------ SUPPLIED MATERIAL

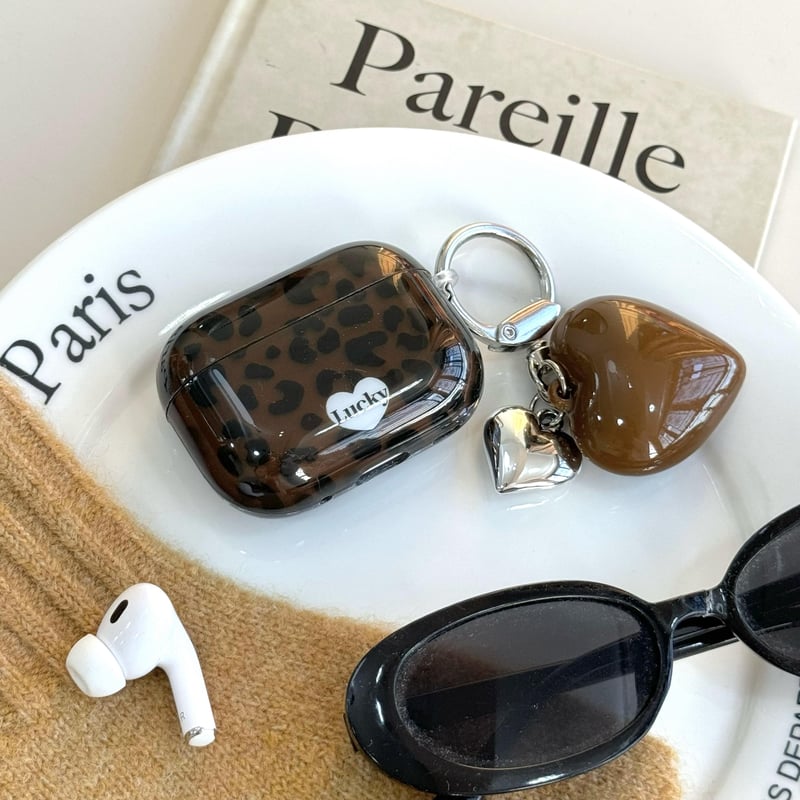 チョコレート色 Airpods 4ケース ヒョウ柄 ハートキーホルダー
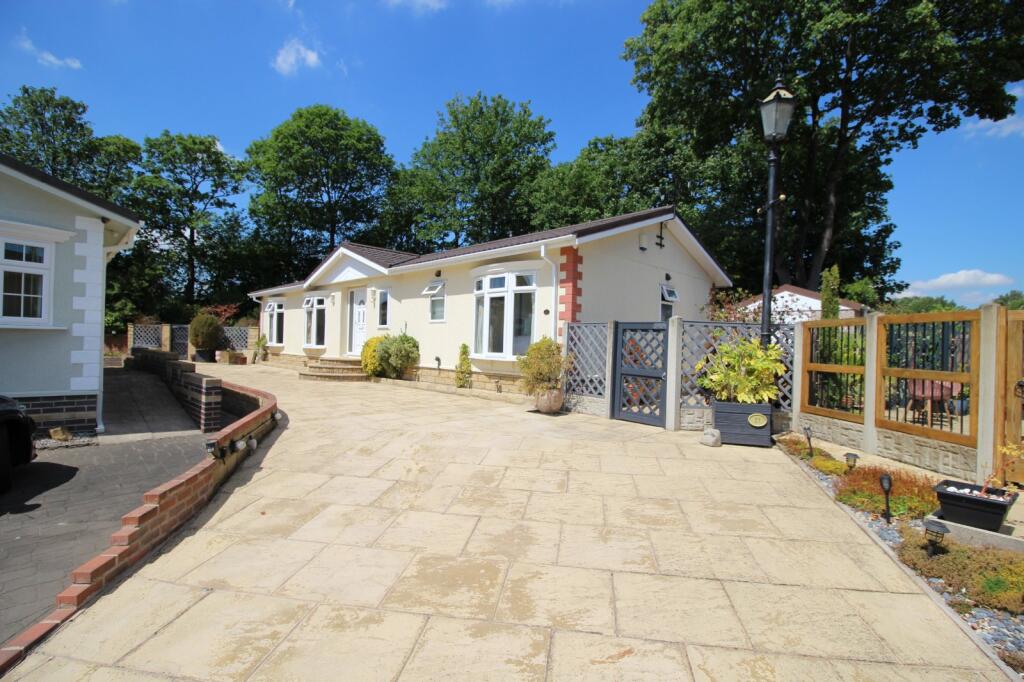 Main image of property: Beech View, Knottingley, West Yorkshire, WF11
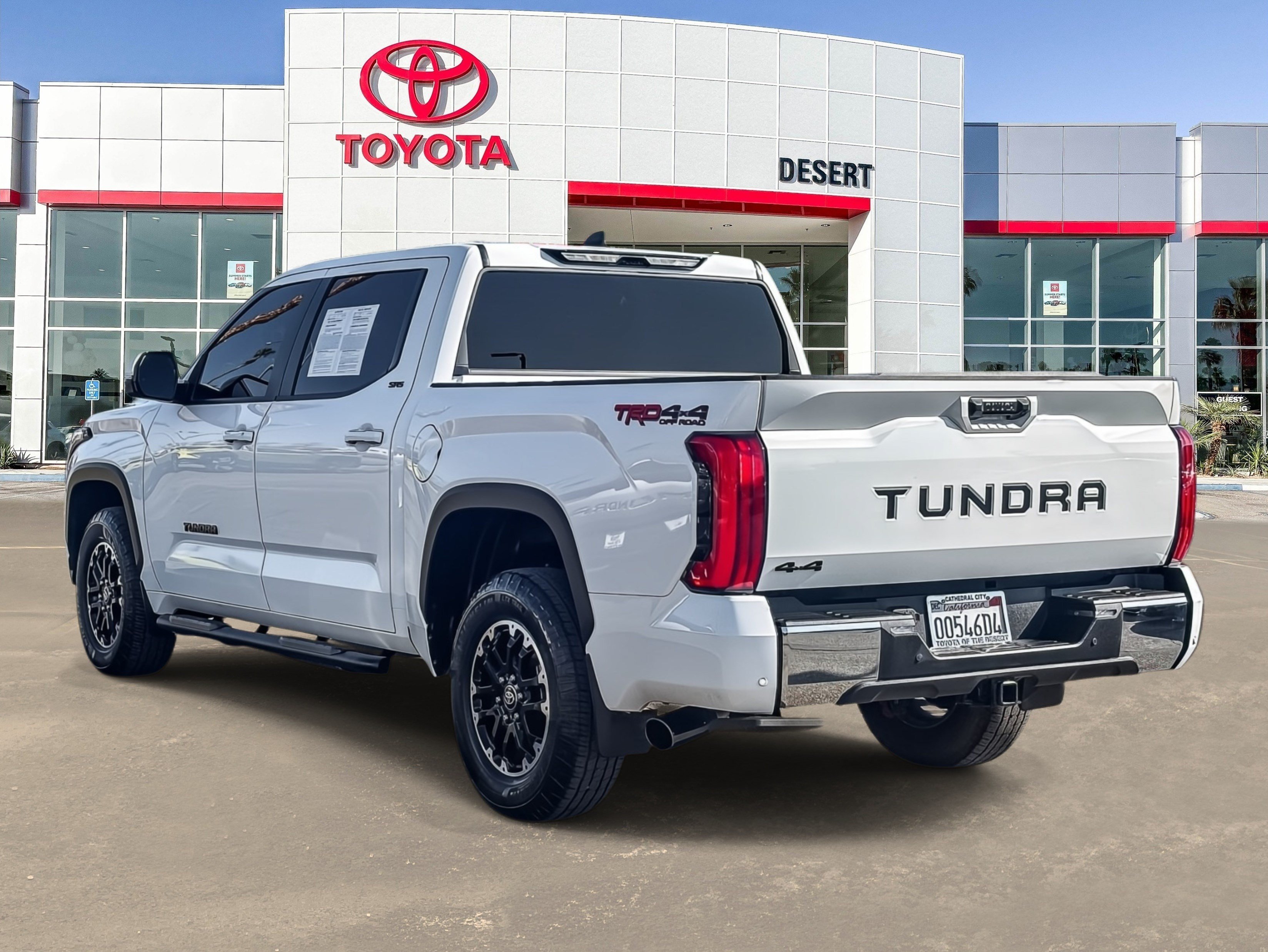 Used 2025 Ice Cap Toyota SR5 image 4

------------

EXERCISE OBJECTIVE – Pictures aside, retype the material exactly.

REPLY TO THE TASK –
 チョコレート色 Airpods 4ケース ヒョウ柄 ハートキーホルダー
 Main image of property: Beech View, Knottingley, West Yorkshire, WF11
 Used 2025 Ice Cap Toyota SR5 image 4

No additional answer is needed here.